TOLEDO -- The rare coin investment scandal involving prominent republican Tom Noe captured the attention of one of America's top newspapers. The New York Times featured a story on Noe and his involvement in the rare coin investments made by the State of Ohio on its front page Saturday.
How do Toledoans feel about one of their own making this kind of front page news on The Times? "It's pretty big for Toledo. I think it's a little case blown up for not a lot of reason," said Lindsay Uhler. "I do think it's a relatively small story to go national, but if he did something bad, he deserves to be punished, so maybe it needs that kind of attention to get the proper authorities involved," said Heather Pilewski. "It's a black mark on the city of Toledo. Unfortunately it happened and it's national news now," said Craig Gurney.

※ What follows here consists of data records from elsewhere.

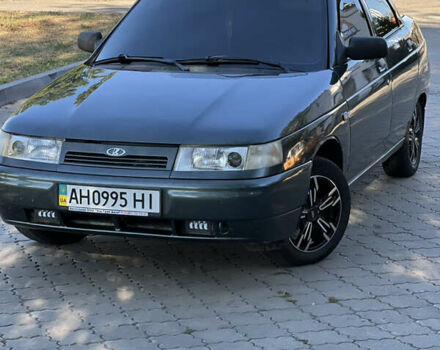 Зелений ВАЗ 2110, об'ємом двигуна 1.6 л та пробігом 84 тис. км за 3400 $, фото 1 на Automoto.ua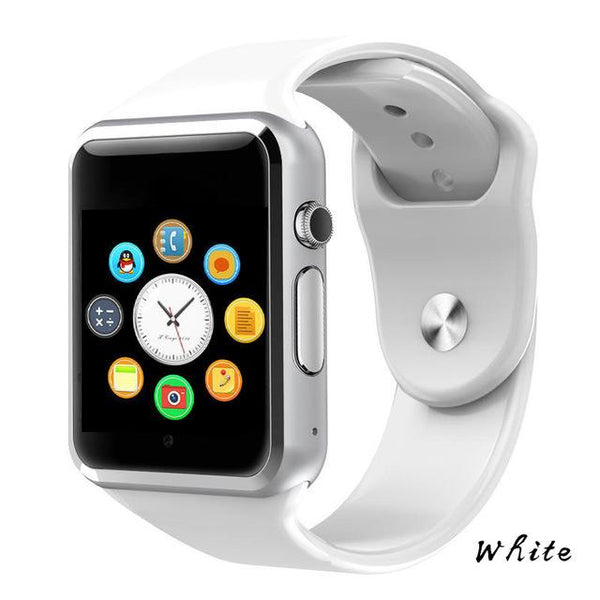 A1 WristWatch Bluetooth Smart Watch Sport Pedometer With SIM Camera -smart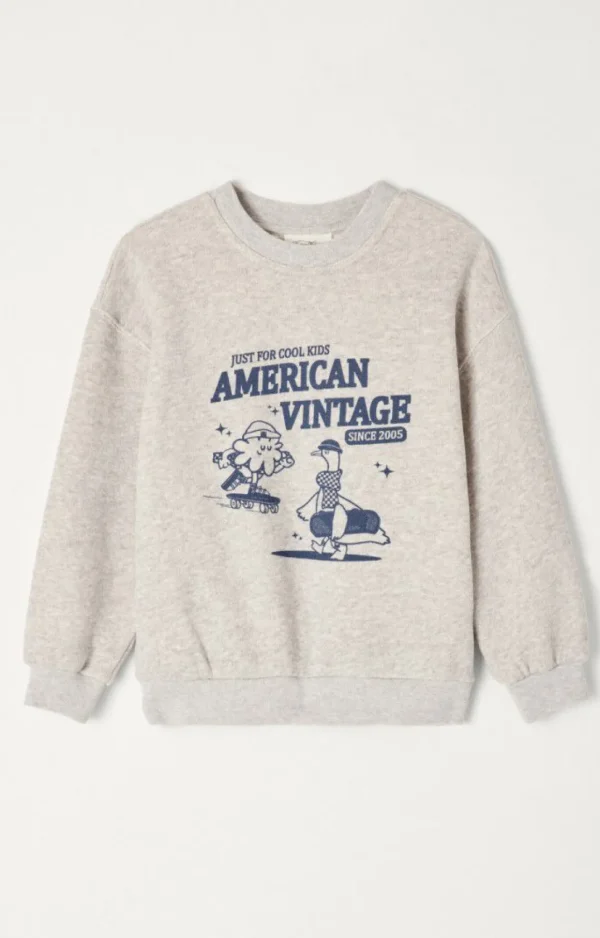 American Vintage Kid'S Sweatshirt Kodytown>Kids Sweatshirts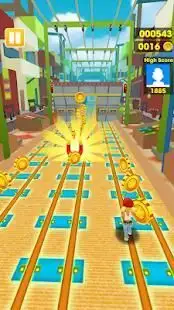 Train Subway Surf Rush Fun Screen Shot 3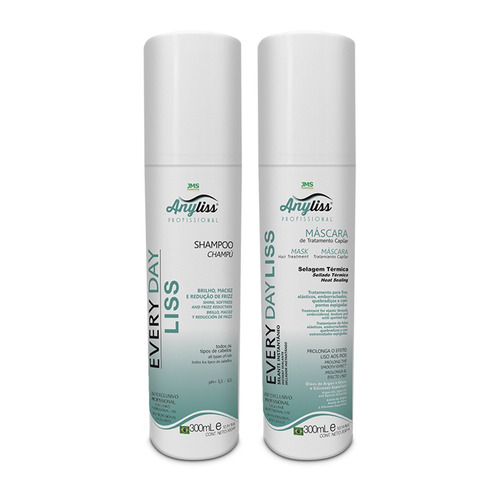 Shampoo Y Acondicionador 300 Ml Anyliss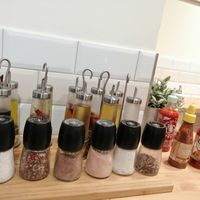 Seasonings at Madal Food in Budapest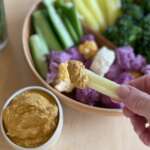 Dip made with Yumbini is nutritious and delicious!
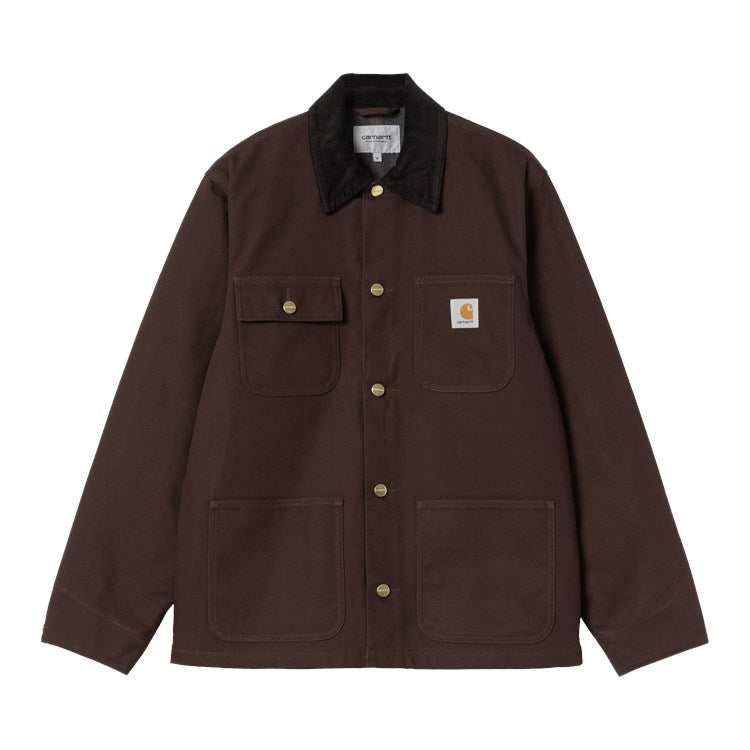 Carhartt WIP Michigan Coat - Tobacco Black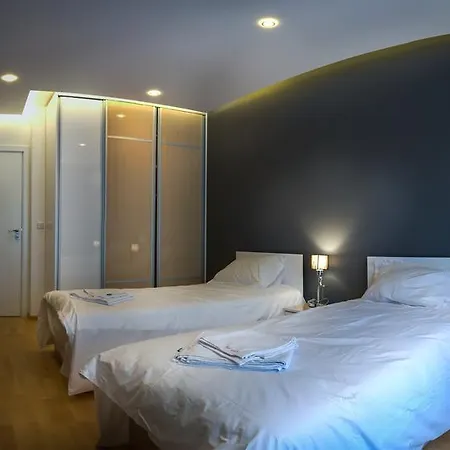 Red Square Apartment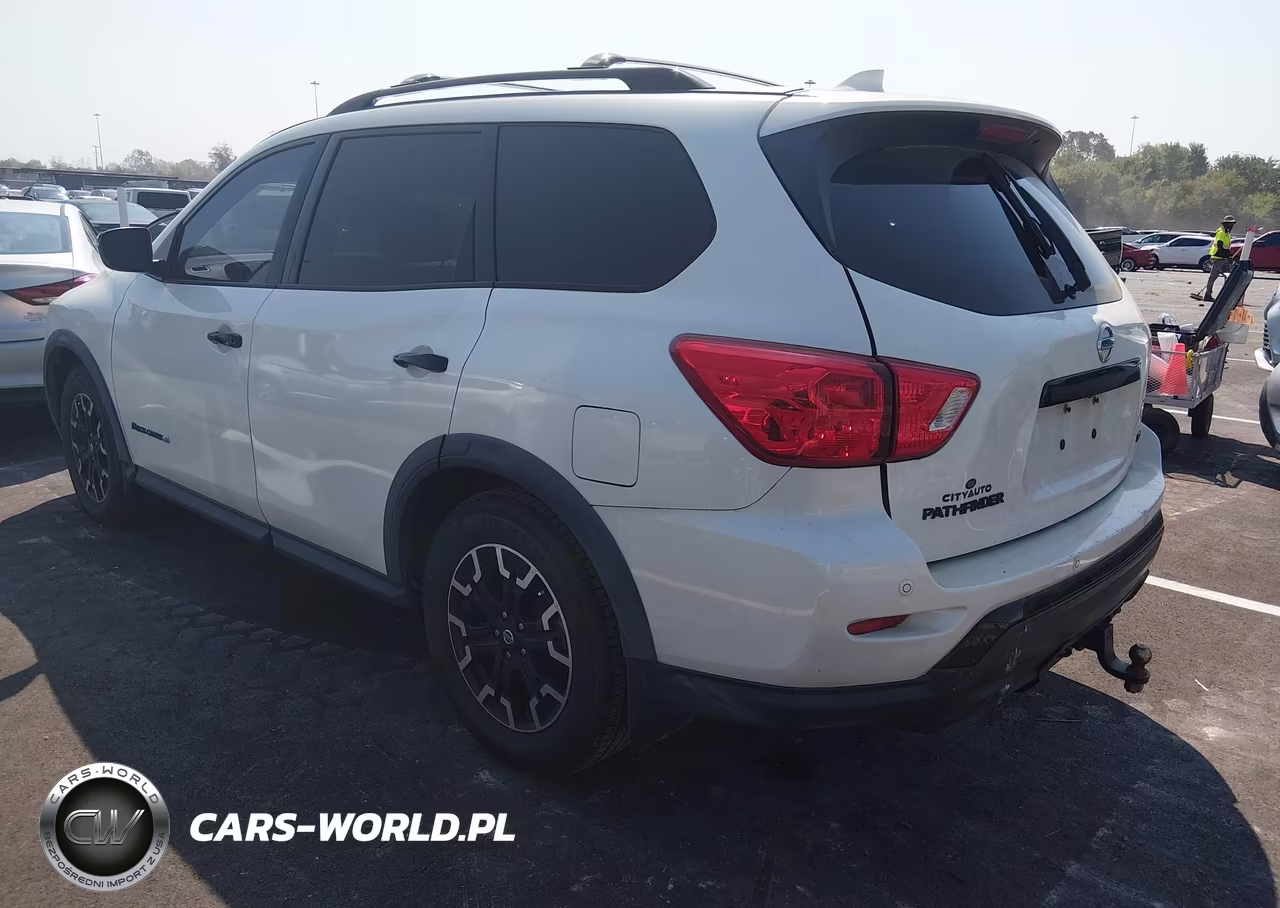 2019 Nissan Pathfinder Sv VIN:5N1DR2MN2KC626137 - 3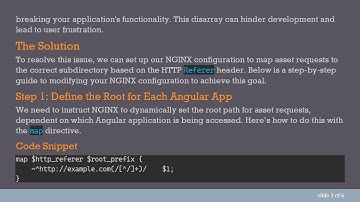 How to Successfully Run Multiple Angular Applications in Subdirectories with NGINX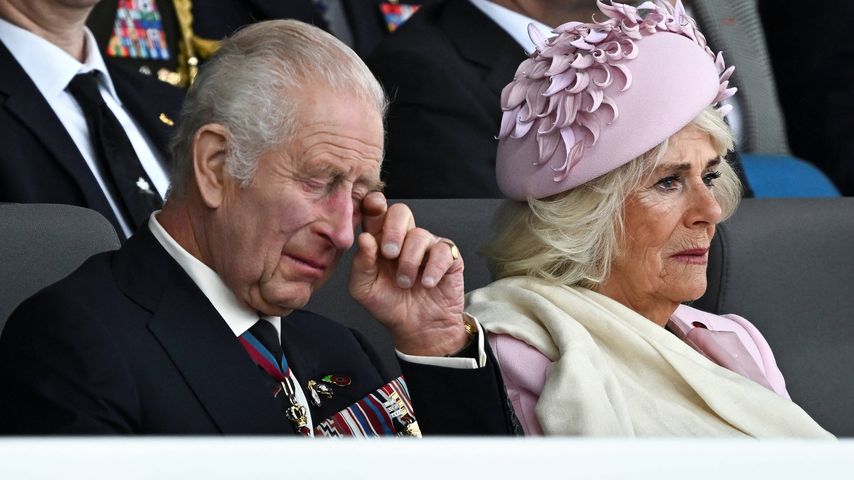 König Charles III. und Königin Camilla, Juni 2024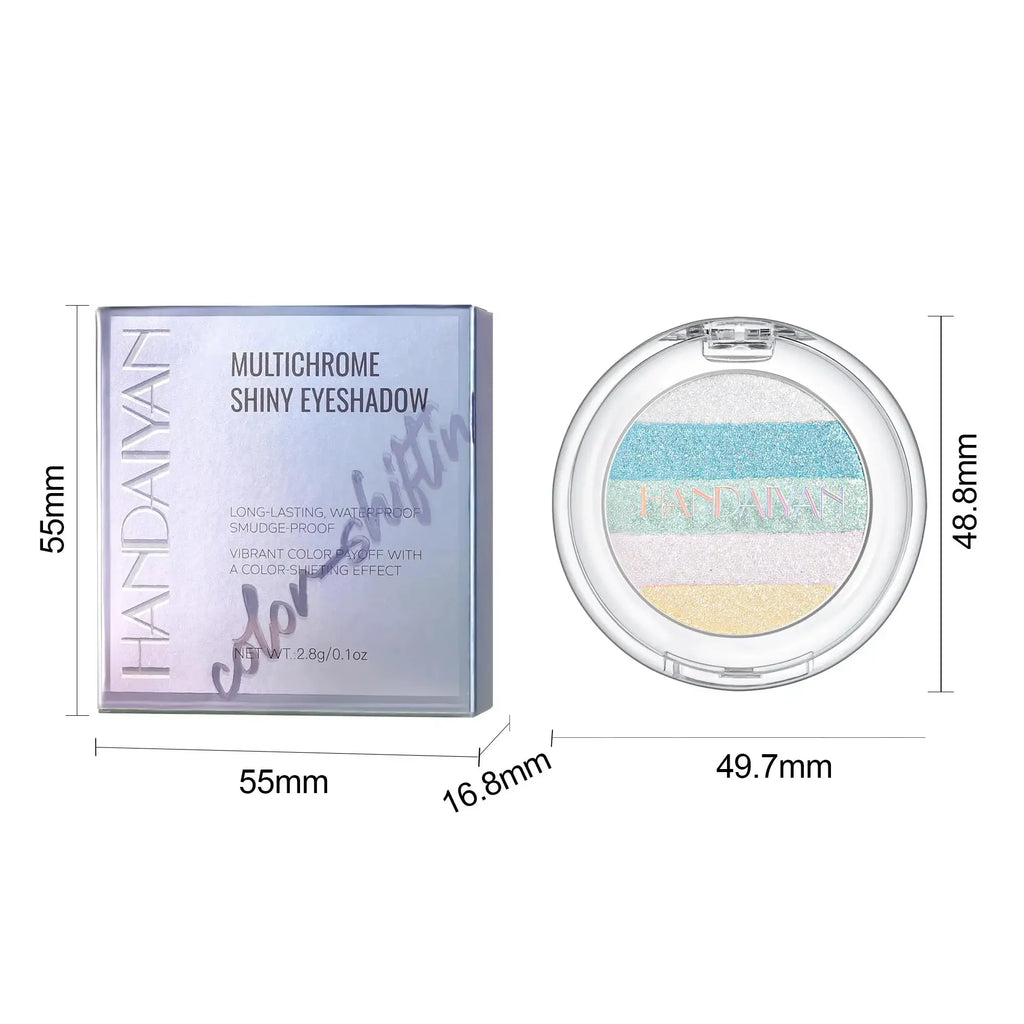 Handaiyan 5-Color Chameleon Eyeshadow & Highlight Palette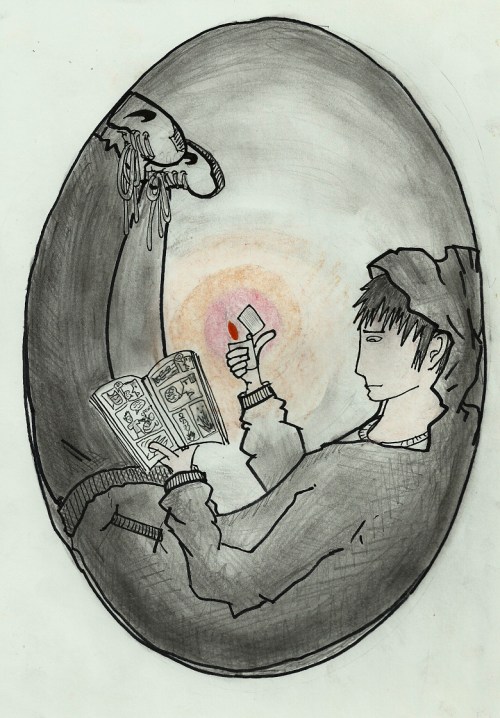 How it feels reading a good comic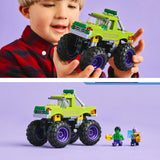 Lego marvel the hulk truck vs. thanos - superhero toys - 76312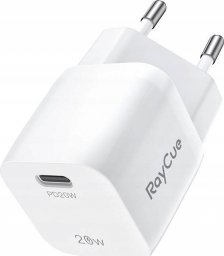 Ładowarka RayCue Ładowarka sieciowa RayCue USB-C PD 20W EU (biała)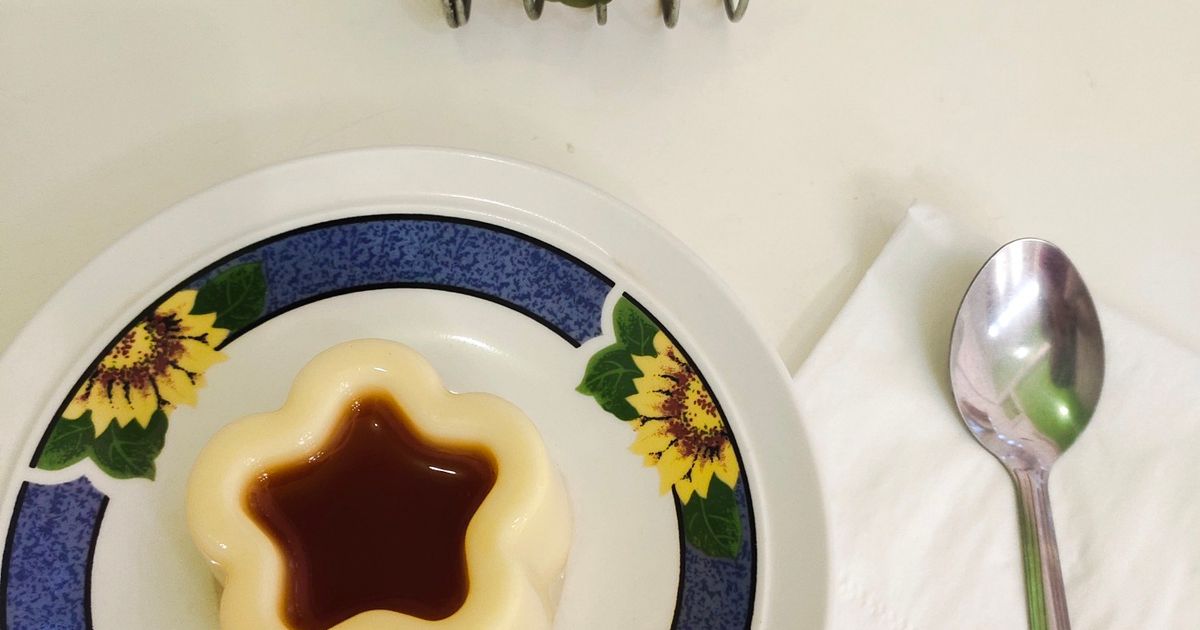 Caramel Pudding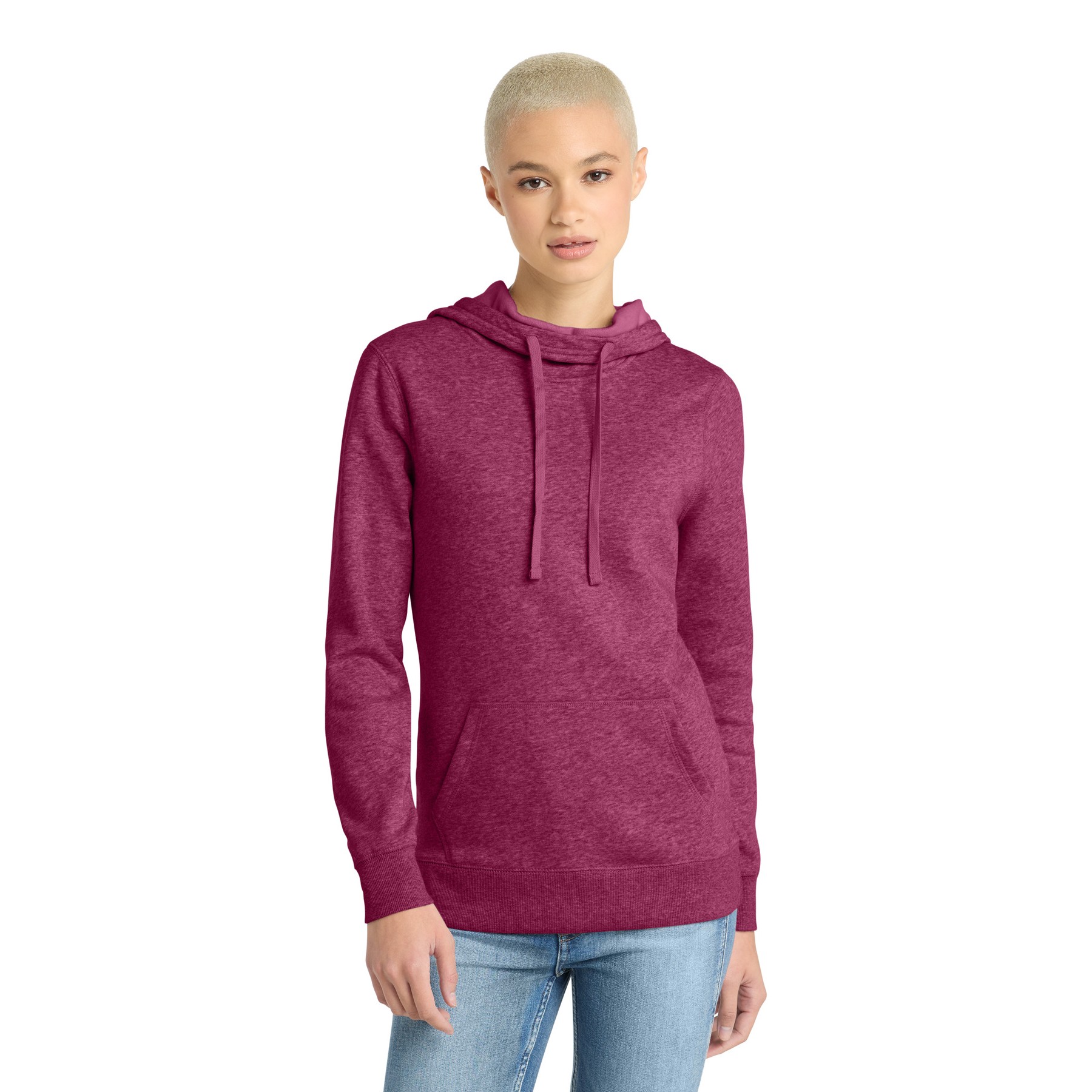Women's Lightweight Fleece Hoodie - Thumbnail Image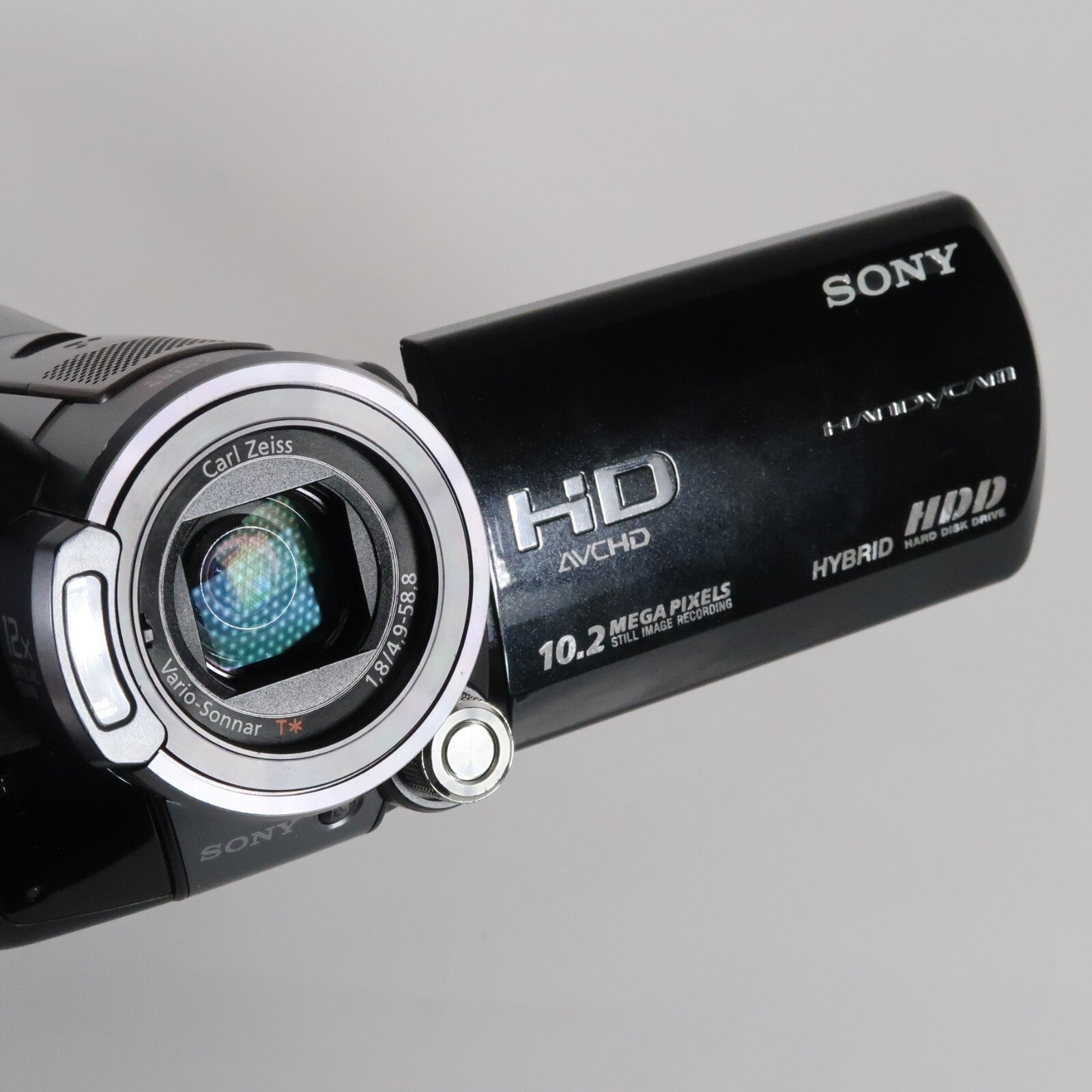 Sony HDR-SR12E Full HD AVCHD Handycam Camcorder – 120GB Internal Storage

Has the Tom Noe rare coin investigation tarnished the hobby and business of coin collecting? "There might be at the top end, but not the average collector," said Royce Hutchinson. Hutchinson serves as a leader in many local, regional and national coin collecting organizations. "We don't preach investment. It's an enjoyment, it's a hobby. Sitting down with the kids and putting state quarters in a map. We try to teach the kids history," said Hutchinson.
The collector says very few coin enthusiasts try to make money off what they collect. "You invest money in the stock market or a mutual fund. It's an investment. It can go up as quickly as it goes down," said Hutchinson.
Hutchinson says state legislators in Columbus are considering a bill to tax sales at coin shows and auctions as a "knee jerk" reaction to the Noe investigation. Hutchinson says this will hurt coin collecting in Ohio and send trade shows and auctions to neighboring states like Michigan. He feels the Noe scandal has little bearing on coin collecting as a hobby.